#### WHAT YOU ARE ASKED TO DO:
Nothing but the lines below between the line holding "Bubali Bliss Studios" and the line holding "Letto a una", inclusive, should appear in the answer, each set down exactly.
START THE INPUT
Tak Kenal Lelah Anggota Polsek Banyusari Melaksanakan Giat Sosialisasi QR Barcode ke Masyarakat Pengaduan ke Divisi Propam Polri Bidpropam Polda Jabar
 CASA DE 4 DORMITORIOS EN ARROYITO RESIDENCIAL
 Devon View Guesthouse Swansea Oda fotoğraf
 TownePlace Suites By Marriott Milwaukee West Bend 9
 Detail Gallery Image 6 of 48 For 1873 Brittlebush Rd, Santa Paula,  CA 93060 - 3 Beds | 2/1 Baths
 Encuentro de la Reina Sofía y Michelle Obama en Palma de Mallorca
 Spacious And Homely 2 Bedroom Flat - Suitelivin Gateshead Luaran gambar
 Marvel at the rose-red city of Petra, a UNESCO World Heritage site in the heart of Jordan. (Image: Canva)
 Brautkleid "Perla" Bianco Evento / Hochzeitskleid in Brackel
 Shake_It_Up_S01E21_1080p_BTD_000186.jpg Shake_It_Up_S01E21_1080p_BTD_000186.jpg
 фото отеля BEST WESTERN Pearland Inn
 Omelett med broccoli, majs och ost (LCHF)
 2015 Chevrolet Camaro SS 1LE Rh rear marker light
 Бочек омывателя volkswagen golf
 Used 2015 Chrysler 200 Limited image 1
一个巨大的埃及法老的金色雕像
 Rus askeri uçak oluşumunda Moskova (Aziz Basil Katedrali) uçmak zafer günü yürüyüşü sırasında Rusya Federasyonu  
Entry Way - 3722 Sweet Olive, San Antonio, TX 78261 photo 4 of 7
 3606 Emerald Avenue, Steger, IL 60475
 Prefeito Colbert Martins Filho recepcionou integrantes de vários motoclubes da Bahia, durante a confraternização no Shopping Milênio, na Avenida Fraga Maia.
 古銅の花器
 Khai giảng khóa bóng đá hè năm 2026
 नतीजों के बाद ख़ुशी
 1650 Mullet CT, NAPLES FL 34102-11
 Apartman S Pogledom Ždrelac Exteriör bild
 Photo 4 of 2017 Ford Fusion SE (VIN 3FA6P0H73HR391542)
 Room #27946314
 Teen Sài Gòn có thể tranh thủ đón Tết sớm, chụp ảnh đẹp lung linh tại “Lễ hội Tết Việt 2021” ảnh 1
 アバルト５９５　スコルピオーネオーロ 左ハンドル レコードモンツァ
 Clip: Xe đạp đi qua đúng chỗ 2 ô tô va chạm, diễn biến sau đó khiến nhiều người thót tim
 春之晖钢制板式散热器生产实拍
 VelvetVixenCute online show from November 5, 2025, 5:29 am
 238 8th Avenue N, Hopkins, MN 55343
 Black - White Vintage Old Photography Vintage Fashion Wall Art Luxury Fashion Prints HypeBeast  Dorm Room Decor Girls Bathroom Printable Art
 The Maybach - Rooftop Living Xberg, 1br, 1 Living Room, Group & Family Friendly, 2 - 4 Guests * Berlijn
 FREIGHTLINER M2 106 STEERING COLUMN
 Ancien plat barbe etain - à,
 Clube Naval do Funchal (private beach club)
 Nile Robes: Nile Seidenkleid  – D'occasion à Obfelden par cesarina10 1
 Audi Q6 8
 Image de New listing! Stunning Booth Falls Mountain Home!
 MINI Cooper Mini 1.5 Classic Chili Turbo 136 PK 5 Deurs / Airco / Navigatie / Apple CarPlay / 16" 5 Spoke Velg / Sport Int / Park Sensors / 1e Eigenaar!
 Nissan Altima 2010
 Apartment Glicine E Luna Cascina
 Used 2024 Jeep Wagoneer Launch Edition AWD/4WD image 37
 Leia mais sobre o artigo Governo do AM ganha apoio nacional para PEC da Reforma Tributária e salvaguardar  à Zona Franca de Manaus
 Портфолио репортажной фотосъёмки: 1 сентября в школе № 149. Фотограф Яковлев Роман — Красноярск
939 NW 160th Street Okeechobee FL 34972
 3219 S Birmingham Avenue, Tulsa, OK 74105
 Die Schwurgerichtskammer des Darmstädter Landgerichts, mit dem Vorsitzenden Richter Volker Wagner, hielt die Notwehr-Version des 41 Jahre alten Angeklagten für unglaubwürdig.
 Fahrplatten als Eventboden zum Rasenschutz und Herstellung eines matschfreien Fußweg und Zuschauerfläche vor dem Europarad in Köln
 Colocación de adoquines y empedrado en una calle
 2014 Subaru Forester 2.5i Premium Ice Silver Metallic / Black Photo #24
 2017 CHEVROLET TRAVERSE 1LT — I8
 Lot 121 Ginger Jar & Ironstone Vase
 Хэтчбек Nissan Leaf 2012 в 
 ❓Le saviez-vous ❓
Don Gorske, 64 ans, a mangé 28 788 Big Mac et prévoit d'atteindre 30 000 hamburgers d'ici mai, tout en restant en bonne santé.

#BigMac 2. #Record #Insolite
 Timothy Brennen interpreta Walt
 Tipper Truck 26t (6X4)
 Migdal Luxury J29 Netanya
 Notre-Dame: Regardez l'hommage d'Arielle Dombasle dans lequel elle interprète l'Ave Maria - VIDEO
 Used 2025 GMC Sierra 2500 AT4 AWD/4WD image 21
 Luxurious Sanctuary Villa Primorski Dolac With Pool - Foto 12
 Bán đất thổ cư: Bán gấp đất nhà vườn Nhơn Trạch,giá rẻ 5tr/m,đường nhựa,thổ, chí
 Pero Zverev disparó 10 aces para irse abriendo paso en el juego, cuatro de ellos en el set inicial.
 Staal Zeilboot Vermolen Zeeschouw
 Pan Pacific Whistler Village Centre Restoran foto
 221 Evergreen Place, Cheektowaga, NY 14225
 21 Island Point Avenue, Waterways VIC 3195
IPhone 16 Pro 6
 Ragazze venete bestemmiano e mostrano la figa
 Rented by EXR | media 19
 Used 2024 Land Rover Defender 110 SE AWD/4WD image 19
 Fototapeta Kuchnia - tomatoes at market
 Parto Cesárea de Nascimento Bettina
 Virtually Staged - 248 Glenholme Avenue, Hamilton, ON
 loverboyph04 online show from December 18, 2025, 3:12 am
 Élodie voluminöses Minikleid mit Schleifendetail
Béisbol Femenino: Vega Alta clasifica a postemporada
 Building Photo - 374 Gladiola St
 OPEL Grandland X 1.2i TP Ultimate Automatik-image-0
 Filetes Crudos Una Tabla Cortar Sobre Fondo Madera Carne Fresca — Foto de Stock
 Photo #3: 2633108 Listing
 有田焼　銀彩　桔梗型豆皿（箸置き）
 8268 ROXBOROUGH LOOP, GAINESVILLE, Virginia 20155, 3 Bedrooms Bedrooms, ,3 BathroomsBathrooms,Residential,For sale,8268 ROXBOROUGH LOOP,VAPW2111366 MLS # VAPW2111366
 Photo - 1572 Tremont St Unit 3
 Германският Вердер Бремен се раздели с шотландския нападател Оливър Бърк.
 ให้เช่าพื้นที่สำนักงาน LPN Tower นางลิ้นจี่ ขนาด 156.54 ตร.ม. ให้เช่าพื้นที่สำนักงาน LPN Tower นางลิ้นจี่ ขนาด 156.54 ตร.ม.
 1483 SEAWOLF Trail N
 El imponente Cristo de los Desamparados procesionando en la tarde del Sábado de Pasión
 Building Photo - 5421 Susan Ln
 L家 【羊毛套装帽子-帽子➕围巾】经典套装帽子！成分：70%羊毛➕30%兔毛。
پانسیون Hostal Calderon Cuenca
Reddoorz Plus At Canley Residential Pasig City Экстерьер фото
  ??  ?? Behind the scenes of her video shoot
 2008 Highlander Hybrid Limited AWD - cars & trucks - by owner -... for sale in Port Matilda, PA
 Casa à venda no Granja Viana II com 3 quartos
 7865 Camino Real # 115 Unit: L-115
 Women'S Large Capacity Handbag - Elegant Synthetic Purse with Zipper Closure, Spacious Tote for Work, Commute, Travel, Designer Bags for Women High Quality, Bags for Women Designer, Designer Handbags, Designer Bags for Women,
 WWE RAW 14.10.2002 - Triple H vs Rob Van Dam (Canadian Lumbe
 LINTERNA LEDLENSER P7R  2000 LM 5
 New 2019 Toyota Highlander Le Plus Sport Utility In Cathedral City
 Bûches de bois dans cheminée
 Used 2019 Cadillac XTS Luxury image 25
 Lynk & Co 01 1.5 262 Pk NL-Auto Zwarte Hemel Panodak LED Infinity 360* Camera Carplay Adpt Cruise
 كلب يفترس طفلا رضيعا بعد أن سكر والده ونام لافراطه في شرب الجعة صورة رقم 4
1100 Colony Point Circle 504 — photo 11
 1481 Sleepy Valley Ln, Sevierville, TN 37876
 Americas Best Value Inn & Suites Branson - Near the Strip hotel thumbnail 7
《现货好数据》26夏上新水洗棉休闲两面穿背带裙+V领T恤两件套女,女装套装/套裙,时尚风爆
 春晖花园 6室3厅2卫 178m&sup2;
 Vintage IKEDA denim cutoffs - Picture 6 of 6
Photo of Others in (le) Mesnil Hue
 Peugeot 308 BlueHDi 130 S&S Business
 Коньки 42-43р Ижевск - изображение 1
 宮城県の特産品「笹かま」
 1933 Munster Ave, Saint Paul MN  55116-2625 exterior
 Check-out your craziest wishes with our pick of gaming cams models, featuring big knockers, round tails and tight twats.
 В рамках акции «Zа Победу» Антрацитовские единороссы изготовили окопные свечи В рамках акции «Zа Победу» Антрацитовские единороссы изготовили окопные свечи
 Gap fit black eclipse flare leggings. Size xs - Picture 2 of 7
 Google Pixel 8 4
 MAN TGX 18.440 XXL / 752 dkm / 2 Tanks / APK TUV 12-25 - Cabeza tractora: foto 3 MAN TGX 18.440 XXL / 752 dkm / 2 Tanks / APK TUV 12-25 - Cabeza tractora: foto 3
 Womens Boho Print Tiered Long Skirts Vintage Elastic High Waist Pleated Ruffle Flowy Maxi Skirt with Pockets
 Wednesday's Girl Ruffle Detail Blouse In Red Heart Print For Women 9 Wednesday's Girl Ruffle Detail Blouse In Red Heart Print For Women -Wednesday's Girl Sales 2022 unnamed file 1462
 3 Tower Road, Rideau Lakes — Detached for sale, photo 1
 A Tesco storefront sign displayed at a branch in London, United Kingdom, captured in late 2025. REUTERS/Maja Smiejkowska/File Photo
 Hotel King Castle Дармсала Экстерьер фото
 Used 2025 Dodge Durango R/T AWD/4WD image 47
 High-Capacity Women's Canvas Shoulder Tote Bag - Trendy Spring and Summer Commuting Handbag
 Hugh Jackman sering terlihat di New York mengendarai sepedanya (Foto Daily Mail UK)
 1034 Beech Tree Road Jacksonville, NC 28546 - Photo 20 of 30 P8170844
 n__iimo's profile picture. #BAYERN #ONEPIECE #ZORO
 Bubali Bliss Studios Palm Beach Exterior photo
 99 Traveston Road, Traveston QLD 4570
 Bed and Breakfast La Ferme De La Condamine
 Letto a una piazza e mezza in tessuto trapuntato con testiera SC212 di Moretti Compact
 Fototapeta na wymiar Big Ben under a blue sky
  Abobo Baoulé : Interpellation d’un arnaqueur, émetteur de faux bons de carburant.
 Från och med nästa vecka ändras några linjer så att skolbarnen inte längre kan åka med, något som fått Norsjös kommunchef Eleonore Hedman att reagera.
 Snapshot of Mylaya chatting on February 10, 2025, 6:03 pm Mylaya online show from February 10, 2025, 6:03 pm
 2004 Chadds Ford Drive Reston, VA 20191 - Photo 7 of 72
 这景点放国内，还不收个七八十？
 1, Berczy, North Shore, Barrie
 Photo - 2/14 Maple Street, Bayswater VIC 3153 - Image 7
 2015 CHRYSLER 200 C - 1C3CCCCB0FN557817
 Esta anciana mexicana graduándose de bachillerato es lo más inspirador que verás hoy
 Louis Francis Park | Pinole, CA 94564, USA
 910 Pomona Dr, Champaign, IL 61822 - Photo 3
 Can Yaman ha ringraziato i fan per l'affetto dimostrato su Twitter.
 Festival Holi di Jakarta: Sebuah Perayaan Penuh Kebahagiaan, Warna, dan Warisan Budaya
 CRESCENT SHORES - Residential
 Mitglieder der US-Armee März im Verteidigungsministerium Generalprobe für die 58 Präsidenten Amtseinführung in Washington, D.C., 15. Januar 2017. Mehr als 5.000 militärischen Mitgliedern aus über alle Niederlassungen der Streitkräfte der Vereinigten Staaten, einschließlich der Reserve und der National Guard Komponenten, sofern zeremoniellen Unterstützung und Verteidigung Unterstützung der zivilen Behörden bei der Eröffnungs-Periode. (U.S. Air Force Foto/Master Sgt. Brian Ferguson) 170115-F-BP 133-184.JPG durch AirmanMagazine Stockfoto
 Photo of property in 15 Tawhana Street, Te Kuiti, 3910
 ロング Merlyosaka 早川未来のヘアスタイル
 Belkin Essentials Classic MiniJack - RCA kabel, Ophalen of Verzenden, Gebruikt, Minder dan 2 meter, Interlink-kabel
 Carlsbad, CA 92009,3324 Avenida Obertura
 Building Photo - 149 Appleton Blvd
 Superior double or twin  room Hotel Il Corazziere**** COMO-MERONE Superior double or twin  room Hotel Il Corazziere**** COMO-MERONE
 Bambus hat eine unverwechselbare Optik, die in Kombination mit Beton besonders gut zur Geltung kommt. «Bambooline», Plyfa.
END THE INPUT
#### COMPLETED EXERCISE:
 Bubali Bliss Studios Palm Beach Exterior photo
 99 Traveston Road, Traveston QLD 4570
 Bed and Breakfast La Ferme De La Condamine
 Letto a una piazza e mezza in tessuto trapuntato con testiera SC212 di Moretti Compact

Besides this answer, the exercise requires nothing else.